In this tutorial we introduce {dm} methods and techniques for copying
individual tables and entire relational data models into an RDBMS. This
is an integral part of the {dm} workflow. Copying tables to an RDBMS is
often a step in the process of building a relational data model from
locally hosted data. If your data model is complete, copying it to an
RDBMS in a single operation allows you to leverage the power of the
database and make it accessible to others. For modifying and persisting
changes to your data at the row-level see vignette("howto-dm-rows")
.
Using {dm} you can persist an entire relational data model with a single
function call. copy_dm_to()
will move your entire model into a
destination RDBMS. This may be all you need to deploy a new model. You
may want to add new tables to an existing model on an RDBMS. These
requirements can be handled using the compute()
and copy_to()
methods.
Calling compute()
or copy_to()
requires write permission on the
RDBMS, otherwise an error is returned. Therefore for the following
examples we will instantiate a test dm and move it into a local SQLite
database with full permissions. {dm} and {dbplyr} are designed so there
is no difference between the code used to manipulate a local SQLite
database and a remote RDBMS. The steps for this were already introduced
in vignette("howto-dm-db")
and will be discussed in more detail in the
Copying a relational model section.
library(dm)
library(tidyverse)
#> ── Attaching packages ────────────────────────────────── tidyverse 1.3.1 ──
#> ✔ ggplot2 3.3.3 ✔ purrr 0.3.4
#> ✔ tibble 3.1.1 ✔ dplyr 1.0.5
#> ✔ tidyr 1.1.3 ✔ stringr 1.4.0
#> ✔ readr 1.4.0 ✔ forcats 0.5.1
#> ── Conflicts ───────────────────────────────────── tidyverse_conflicts() ──
#> ✖ purrr::%@%() masks dm::%@%()
#> ✖ purrr::as_function() masks dm::as_function()

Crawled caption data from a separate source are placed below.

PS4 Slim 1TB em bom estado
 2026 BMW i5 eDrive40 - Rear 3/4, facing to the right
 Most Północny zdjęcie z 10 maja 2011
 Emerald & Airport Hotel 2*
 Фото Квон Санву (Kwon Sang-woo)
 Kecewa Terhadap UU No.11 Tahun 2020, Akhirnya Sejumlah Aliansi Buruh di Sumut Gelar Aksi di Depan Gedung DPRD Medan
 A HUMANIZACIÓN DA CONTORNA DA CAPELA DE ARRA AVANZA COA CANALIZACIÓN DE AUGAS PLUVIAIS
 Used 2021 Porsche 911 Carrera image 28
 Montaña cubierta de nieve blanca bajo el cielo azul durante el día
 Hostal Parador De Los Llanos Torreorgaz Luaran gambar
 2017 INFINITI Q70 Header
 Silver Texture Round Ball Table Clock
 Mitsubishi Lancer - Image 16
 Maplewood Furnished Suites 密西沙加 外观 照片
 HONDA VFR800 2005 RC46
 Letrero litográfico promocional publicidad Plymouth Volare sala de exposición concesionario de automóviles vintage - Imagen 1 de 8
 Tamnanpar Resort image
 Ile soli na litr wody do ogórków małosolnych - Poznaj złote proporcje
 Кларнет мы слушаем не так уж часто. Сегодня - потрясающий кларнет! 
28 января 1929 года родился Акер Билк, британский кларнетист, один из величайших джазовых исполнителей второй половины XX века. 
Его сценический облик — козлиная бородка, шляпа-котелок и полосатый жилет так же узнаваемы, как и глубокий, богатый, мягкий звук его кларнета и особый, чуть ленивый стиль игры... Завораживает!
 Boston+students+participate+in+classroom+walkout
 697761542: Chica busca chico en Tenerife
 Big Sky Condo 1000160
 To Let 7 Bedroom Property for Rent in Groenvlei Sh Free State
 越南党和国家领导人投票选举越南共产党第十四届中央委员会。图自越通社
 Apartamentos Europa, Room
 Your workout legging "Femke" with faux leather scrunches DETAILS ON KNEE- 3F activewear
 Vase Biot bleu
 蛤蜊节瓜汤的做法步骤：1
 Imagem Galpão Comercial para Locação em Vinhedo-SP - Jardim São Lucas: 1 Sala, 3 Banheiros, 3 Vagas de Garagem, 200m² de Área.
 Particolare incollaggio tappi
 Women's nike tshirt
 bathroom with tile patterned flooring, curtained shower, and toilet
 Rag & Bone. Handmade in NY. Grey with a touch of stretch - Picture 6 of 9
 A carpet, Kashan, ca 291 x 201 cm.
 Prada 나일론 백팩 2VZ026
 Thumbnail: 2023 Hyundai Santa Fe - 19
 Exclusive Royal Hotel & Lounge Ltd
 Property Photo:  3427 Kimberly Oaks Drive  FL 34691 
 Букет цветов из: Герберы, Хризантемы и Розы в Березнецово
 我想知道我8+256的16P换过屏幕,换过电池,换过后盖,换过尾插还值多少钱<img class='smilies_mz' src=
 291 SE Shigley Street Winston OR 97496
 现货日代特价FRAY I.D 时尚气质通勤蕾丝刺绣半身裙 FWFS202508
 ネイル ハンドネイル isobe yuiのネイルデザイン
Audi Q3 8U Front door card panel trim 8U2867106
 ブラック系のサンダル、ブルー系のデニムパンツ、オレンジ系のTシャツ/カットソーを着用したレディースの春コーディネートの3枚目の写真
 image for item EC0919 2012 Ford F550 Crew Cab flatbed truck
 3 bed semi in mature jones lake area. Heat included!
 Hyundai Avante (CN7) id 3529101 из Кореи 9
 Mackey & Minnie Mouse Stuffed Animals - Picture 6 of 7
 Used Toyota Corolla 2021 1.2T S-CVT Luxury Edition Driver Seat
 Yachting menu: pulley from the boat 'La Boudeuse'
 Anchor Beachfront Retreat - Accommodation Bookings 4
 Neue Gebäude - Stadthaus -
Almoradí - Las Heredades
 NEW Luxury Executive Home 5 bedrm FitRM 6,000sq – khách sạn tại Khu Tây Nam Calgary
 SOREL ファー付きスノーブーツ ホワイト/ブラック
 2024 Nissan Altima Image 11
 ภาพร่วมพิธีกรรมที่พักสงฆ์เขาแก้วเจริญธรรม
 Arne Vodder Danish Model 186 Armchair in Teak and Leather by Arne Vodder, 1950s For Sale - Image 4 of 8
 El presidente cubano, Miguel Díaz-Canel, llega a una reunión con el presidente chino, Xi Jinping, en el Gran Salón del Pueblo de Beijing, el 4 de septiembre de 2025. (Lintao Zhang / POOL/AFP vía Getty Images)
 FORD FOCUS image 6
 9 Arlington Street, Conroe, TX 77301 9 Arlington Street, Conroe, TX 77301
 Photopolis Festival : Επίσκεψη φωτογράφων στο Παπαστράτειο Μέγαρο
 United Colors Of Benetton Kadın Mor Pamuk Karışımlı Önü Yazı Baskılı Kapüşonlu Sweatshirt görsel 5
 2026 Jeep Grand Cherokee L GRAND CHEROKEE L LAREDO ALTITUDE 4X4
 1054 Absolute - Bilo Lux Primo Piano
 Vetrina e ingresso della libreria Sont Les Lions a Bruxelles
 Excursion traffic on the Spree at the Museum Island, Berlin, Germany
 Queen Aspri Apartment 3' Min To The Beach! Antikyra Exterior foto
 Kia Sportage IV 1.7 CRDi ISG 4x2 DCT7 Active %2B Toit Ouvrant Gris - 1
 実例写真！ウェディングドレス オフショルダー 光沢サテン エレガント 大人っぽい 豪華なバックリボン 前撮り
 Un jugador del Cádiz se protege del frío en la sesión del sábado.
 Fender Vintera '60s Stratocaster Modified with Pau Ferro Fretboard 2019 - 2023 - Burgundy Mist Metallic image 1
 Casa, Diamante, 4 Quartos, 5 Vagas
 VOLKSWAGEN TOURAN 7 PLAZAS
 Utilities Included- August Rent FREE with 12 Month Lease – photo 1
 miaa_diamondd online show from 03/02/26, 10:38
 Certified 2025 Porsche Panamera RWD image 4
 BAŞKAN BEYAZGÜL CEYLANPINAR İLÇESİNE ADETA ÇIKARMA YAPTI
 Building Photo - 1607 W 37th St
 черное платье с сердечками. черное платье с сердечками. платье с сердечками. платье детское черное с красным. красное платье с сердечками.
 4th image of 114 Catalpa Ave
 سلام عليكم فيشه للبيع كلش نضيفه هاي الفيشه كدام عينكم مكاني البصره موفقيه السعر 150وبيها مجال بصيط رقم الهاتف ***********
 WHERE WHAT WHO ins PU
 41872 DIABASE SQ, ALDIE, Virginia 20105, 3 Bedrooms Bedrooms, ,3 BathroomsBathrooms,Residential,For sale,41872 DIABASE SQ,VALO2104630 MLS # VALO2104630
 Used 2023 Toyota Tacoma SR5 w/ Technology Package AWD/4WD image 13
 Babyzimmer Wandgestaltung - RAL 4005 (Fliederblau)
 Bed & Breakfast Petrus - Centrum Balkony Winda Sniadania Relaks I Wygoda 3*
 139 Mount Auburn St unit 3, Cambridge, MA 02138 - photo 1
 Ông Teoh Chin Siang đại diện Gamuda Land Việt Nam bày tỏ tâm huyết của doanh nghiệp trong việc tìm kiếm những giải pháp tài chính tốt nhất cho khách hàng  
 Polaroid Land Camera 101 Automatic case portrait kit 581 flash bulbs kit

#> ✖ tidyr::extract() masks dm::extract()
#> ✖ dplyr::filter() masks dm::filter(), stats::filter()
#> ✖ purrr::flatten() masks dm::flatten()
#> ✖ purrr::flatten_chr() masks dm::flatten_chr()
#> ✖ purrr::flatten_dbl() masks dm::flatten_dbl()
#> ✖ purrr::flatten_int() masks dm::flatten_int()
#> ✖ purrr::flatten_lgl() masks dm::flatten_lgl()
#> ✖ purrr::flatten_raw() masks dm::flatten_raw()
#> ✖ purrr::invoke() masks dm::invoke()
#> ✖ purrr::is_null() masks dm::is_null(), testthat::is_null()
#> ✖ dplyr::lag() masks dm::lag(), stats::lag()
#> ✖ purrr::list_along() masks dm::list_along()
#> ✖ dplyr::matches() masks tidyr::matches(), dm::matches(), testthat::matches()
#> ✖ purrr::modify() masks dm::modify()
#> ✖ purrr::prepend() masks dm::prepend()
#> ✖ purrr::splice() masks dm::splice()
library(dbplyr)
#>
#> Attaching package: 'dbplyr'
#> The following objects are masked from 'package:dplyr':
#>
#> ident, sql
#> The following objects are masked from 'package:dm':
#>
#> ident, sql
fin_dm <-
dm_financial() %>%
dm_select_tbl(-trans) %>%
collect()
local_db <- DBI::dbConnect(RSQLite::SQLite())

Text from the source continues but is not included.